The other day I covered roughly 15 miles and 3,000' of elevation gain across them. That was approximately 2,300 kcal expended beyond my base metabolic demand which is in the 1,800 kcal area -- in other words, 4,000 kcal total. You can safely run a 1,000 kcal/day deficit for quite a while (you'll lose weight like cray-cray) but if you start trying to run a 2,000 kcal/day deficit you'll be hating life FAST.

Yes, it's science. I have the science on my wrist in the form of a nice Garmin watch that has OHR in it. It was expensive but it's a backup navigation tool as well as a means of data logging.
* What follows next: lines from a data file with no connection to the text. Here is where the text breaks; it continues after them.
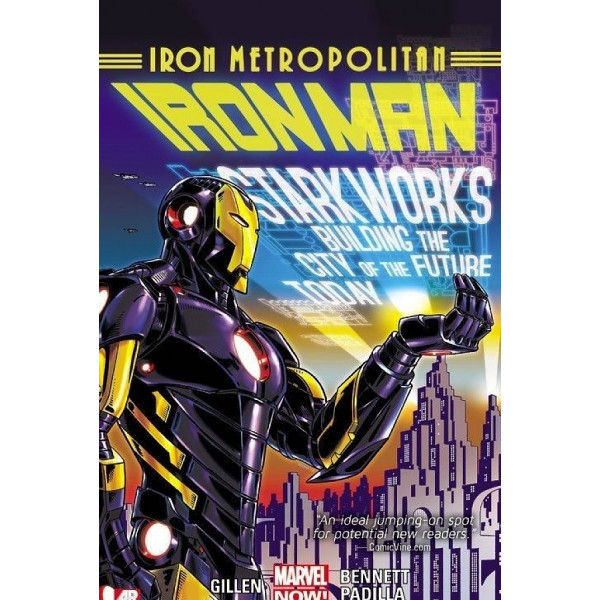 

Iron Man Volume 4. Iron Metropolitan (Marvel Now)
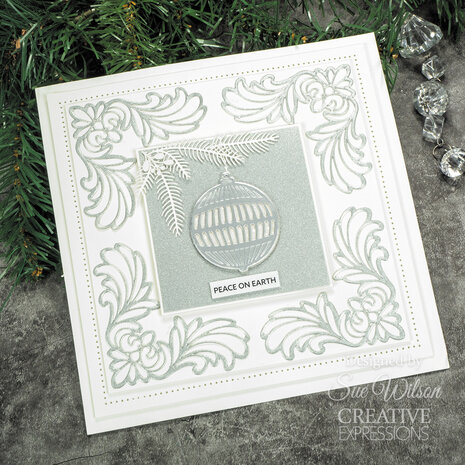 Creative Expressions Sue Wilson Craft Die Plume Corner (CED3274) (OUTLET)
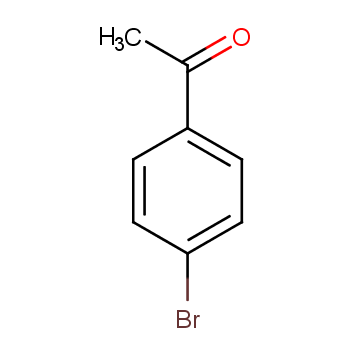 4-溴苯乙酮化学结构式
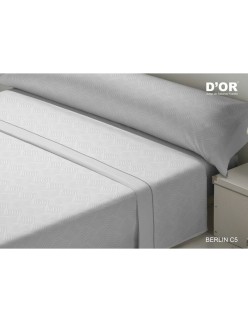 Bedding set D'Or BERLIN Grey Double Franela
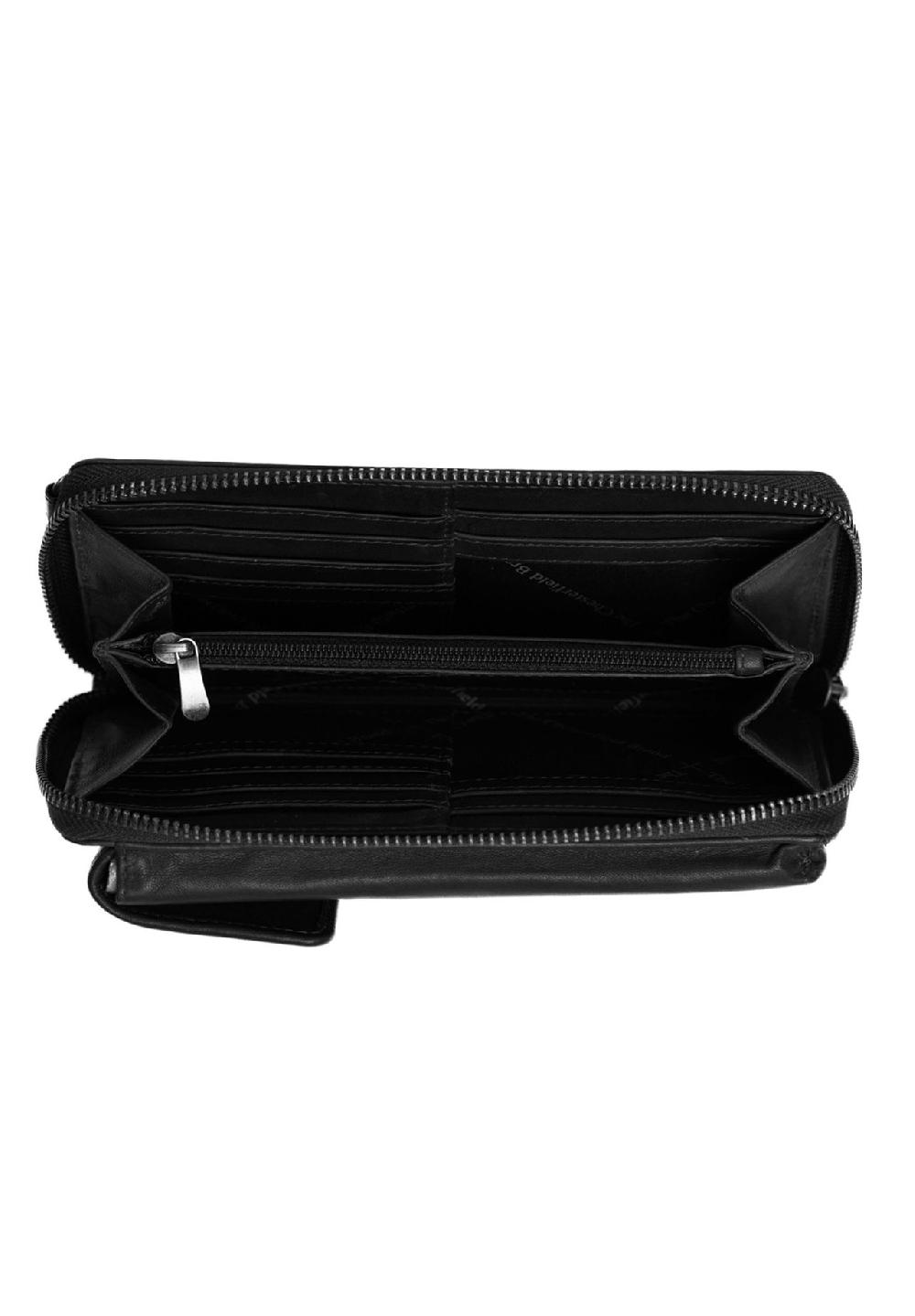 The Chesterfield Brand Wax Pull Up Wax Pull Up Handytasche Leder 10 Cm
Woodscraft is all fine and well (and yes, I carry a traditional compass, printed topo map and know how to use both) but when it comes down to actually going out and doing it I like to be grinning the whole time instead of ridiculously tired, worn out and undernourished.

There are plenty of people who like to hike and just don't give a **** about the economy of their movement, they're day hiking (where you can refill the energy stores at night in a restaurant) or they're only out for an overnight -- where it obviously matters a lot less.

Quinoa is another example of how to carry 50-70% more mass than I do for a given number of days. Its about 100 calories/oz, nearly all carbohydrate.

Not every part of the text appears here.